Obviously, we have to look more broadly at the show to understand why there’s a baseball on Ellie’s windowsill. There are three explanations of decreasing likelihood but increasing thematic significance.
1. First Possibility.
You might remember why we have a flashback here. Ellie, in the show’s present, is holed up in a basement with Joel, who has been badly injured and is bleeding out. She flashes back in order to reclaim the motivation to stay with him, rather than protecting herself but leaving him to die. I know from listening to podcasts that not everybody clearly saw the flash of violence that punctured Joel’s gut, but here it is:
Raiders with bats,
Justin-Turner-With-A-Haircut raider swings bat,
Bat hits tree, breaks in half, and bat stabs Joel,
and Joel removes bat.
And so, simply: The baseball is there to provide continuity between the flashback (Ellie in her pre-TLOU bedroom) and the present-time plot (will Ellie save Joel from bat death?) for which this flashback is doing service.
2. Second Possibility
SEASON FINALE SPOILER BEGINS HERE
The season finale of this show pulls off a remarkable change of tone, when Joel goes first-person-shooter, kills everybody, and becomes something of a monster to the audience. He also lies to Ellie, and the bleak show became several multiples bleaker. That sequence begins when Joel and Ellie are captured by the Fireflies. And the last scene before Joel and Ellie are captured, before the show goes hopeless is….
…at a baseball field.
A baseball field with giraffes! Joel and Ellie have some fun feeding a giraffe by hand, optimistic music plays in the background, they literally make plans to run a sheep farm together, and then the second they leave this baseball field the ominous music begins to play. In fact…
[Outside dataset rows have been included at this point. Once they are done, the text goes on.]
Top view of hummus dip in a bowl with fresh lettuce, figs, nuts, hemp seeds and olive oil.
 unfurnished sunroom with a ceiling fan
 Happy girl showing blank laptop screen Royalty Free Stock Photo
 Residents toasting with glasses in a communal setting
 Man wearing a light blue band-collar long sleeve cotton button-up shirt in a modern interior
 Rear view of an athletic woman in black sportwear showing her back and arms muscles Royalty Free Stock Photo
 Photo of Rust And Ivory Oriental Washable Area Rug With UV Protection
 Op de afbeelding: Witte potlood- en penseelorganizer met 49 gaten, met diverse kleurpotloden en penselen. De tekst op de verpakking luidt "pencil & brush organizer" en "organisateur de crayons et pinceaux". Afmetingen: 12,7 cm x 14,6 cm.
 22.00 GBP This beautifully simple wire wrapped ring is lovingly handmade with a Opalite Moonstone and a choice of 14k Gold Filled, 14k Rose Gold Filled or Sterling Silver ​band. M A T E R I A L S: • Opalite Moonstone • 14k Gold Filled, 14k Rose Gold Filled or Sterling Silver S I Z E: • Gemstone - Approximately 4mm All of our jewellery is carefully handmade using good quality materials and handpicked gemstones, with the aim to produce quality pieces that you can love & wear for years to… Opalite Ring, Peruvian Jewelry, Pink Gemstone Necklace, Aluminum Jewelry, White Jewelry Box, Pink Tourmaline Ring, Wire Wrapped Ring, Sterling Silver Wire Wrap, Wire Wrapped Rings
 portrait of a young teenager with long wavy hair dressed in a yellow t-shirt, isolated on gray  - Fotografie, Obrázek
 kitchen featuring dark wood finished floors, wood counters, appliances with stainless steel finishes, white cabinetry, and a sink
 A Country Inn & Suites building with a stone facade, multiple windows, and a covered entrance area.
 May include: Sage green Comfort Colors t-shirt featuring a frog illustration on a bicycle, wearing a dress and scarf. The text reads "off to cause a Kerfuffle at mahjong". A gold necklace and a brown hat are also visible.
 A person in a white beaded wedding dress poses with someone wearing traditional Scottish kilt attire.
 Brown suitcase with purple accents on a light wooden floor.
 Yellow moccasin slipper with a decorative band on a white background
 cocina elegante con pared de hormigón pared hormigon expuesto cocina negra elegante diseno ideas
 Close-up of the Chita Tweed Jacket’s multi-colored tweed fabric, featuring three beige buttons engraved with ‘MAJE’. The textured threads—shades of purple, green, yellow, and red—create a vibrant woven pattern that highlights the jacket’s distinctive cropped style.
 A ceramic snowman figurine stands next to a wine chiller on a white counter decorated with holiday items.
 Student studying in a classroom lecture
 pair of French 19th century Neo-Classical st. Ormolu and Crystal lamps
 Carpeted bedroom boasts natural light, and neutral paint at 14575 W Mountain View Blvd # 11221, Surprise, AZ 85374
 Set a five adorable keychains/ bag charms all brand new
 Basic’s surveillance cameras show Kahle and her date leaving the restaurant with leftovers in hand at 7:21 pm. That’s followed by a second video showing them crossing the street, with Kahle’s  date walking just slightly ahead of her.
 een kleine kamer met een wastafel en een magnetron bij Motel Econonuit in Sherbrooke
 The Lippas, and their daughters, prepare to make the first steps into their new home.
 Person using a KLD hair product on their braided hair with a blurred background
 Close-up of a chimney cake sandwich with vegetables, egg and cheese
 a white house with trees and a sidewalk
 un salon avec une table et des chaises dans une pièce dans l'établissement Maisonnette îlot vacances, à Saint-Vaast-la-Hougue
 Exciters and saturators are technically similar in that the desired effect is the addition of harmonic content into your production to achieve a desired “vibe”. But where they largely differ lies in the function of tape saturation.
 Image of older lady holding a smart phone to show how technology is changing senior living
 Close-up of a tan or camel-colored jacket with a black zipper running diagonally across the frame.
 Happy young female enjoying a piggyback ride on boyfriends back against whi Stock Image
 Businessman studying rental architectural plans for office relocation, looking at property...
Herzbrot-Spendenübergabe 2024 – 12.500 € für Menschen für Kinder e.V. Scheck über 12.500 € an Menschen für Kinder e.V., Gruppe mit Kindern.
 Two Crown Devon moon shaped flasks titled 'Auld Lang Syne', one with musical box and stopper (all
Ah, no, the closed captions don’t say “ominous music begins to play.” But there’s no question what’s happening as the scene shifts away from the overgrown baseball field. The show/game’s creators are basically setting up the baseball field as an idyllic, peaceful, anachronistic setting. The baseball on Ellie’s windowsill foreshadows the moment she and Joel will leave it.
3. Third Possibility.
A bunch of the close-ups in the Ellie’s Favorite Things sequence end up coming into play in the mall. Ellie and Riley dance to the Etta James tape. Ellie excitedly asks whether Riley is taking her to see dinosaurs. The Walkman is how the zombie hears/finds them. And in the same bedroom scene, a Mortal Kombat poster on Ellie’s wall prepares us for her excitement at seeing Mortal Kombat in a working arcade. The knife we see by her bedside is how she stabs the zombie to redeath. The book of puns sets us up for Riley’s extremely touching gift to Ellie: A second book of puns.
Which makes us think the baseball probably has relevance in that mall. Maybe not. The comic book that Ellie is reading doesn’t come up in the same episode, but it’s still significant as a callback to episode 5, with Sam, in Kansas City. So there are explanations for the baseball that relate to the series as a whole but not the episode, and maybe that’s all it is.
But maybe—maybe—this might be a stretch but I like it—the baseball is relevant to the episode. The takeaway from the episode, what Ellie learns and takes with her back into the present, comes when she and Riley are bitten by the zombie and face absolutely zero percent playoff odds. And Riley says they could just shoot themselves before turning into zombies themselves, or they can keep on going.
Ellie: What are you talking about? It’s over!
Riley: It will be, but it’s not yet.
Now, look, if you were a good and self-respecting screenwriter, would you dare put the words “it ain’t over ‘til it’s over” in a character’s mouth? No chance. But that’s the sentiment that Riley is getting across here. It’s all of a lineage with “the only sport with no clock” and Yogi Berra’s famous quote. So maybe that’s what the baseball is about: It’s setting up a conclusion to the episode’s story where a character insists, in her own words, that it ain’t over ‘til it’s over. That’s what saves Ellie, ultimately. That’s what saves Joel, ultimately. Baseball show.
This was a delight. I too thought to myself “baseball show!” when I saw that field.
Saved this article until we finally finished the series on Halloween. Bravo.